Revealed: The staggering numbers trapped in social care debt

One week they praise the generation of D-Day, the next they take away the homes of our elderly.

This week GMB, the union for social care workers, received responses from a Freedom of Information request we sent to every local authority in Great Britain with responsibility for social care. The results highlight a national scandal.

At least 130,000 people are trapped in social care debt, with more than 93,000 people facing debt management proceedings as a result of their social care debt. 1,700 are facing legal action. It’s no surprise: our care system is in crisis.

The last decade has seen a chronic under-funding of the NHS, local authorities and the social care sector, and in truth for the sector to survive that money will have to come from somewhere.

It’s also no surprise that the Tories, who in the same week punitively took away the TV licences from the over 75’s, decided that these people should also give up their houses to pay for their senior living.

One week they praise the generation of D-Day, the next they take away the homes of our elderly.

Let’s not forget that above the cost that the local authorities, NHS and Care providers are chasing from 93,000 people, there’s also the costs that they are paying to debt collectors. And that’s before we look at the numbers from 1,700 legal claims.

All this money should have been poured into providing high quality care to the most vulnerable in our society.

This can’t go on. Under the last Labour government, pensioner poverty was slashed hugely and the Labour movement will not let that achievement will be reversed.

In February, GMB were proud to have helped launch an All Party Parliamentary Group on Social Care to look at the care system, funding and state of staffing in the sector. Our care system is in crisis, and we will need radical solutions looking at both the provision as well as finding adequate funding to pay for care so that we never again find ourselves passing the burden of payment onto those who can least afford to pay it.

There are some big changes already afoot across the UK. In Wales, social care is becoming professionalised through the social care Wales registration process, where carers receive the necessary skills and qualifications required to care for the most vulnerable in the society.

Welsh Government are recognising that social care is a sector, not an industry, and early discussions indicate we’re likely to get to place where terms and condition fall under sectoral bargaining. This will provide stability for the workforce and genuine care providers who want to make social care about people and not profit.

The APPG which GMB helped set up will look at these reforms as well as many others and we’re confident that it will build the foundations of a social care system for the 21stcentury.

We’re ready to fight for the generation who rebuilt this country, just like our members who work with them every day. Radical change is coming, and just like the last 130 years, GMB members will be right at its very heart. 

Kelly Andrews is the GMB union’s Lead Care Officer. 

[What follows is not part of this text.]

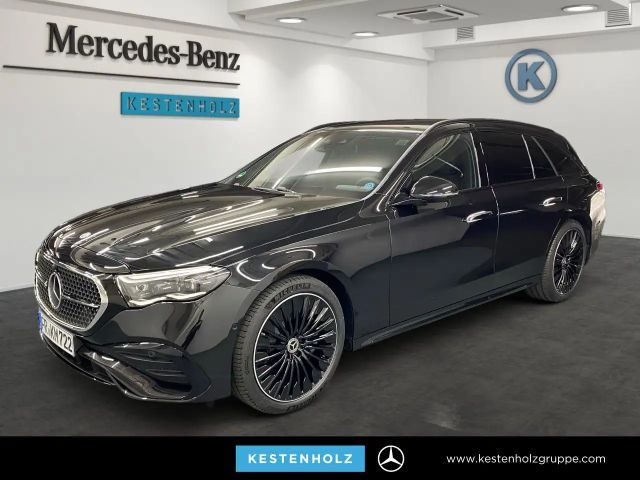 Mercedes-Benz E 220 d T Edition AMG+NIGHT+360°+AHK+KEYLESS 2025 Diesel
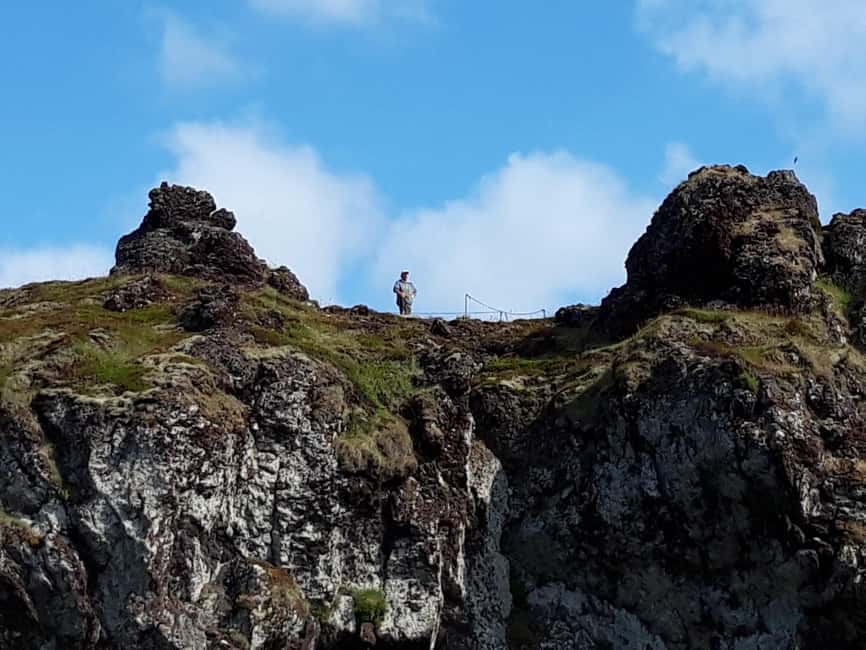 afbeelding n.11 van Privétour op het schiereiland Snaefellsnes vanuit Reykjavik activiteit in Vesturland, geüpload door aanbieder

5 Responses to “Revealed: The staggering numbers trapped in social care debt”

  1. Tom Sacold

    We all know what’s needed. It was set out in the Dilnot Report back in 2011. The results of that report are still valid. We just need the monetary items adjusted for inflation and a Government with the balls to put it into action.

  2. jonathan.bagley

    I agree with Tom. The problem is that once people stop enjoying life and it becomes more expensive, they don’t think they should be responsible for funding it. And children view their parents’ assets as their own. The rejection of Dilnot’s idea of buying off the risk illustrates this.

  3. Tina Moran

    Thanks for sharing this informative and helpful article

  4. Beth Logan

    Great blog! Kudos Kelly 🙂

  5. Patrick Newman

    This is another source of threats to the viability of social care providers who can ill-afford resources to recover debt much of which will have to be sold off or written off. Still no sign of the Green Paper promised by May during the 2017 election (the infamous “nothing has changed” farce). Good riddance but it is difficult to see the next PM taking much interest when they will have to manage the inevitable no deal Brexit crisis.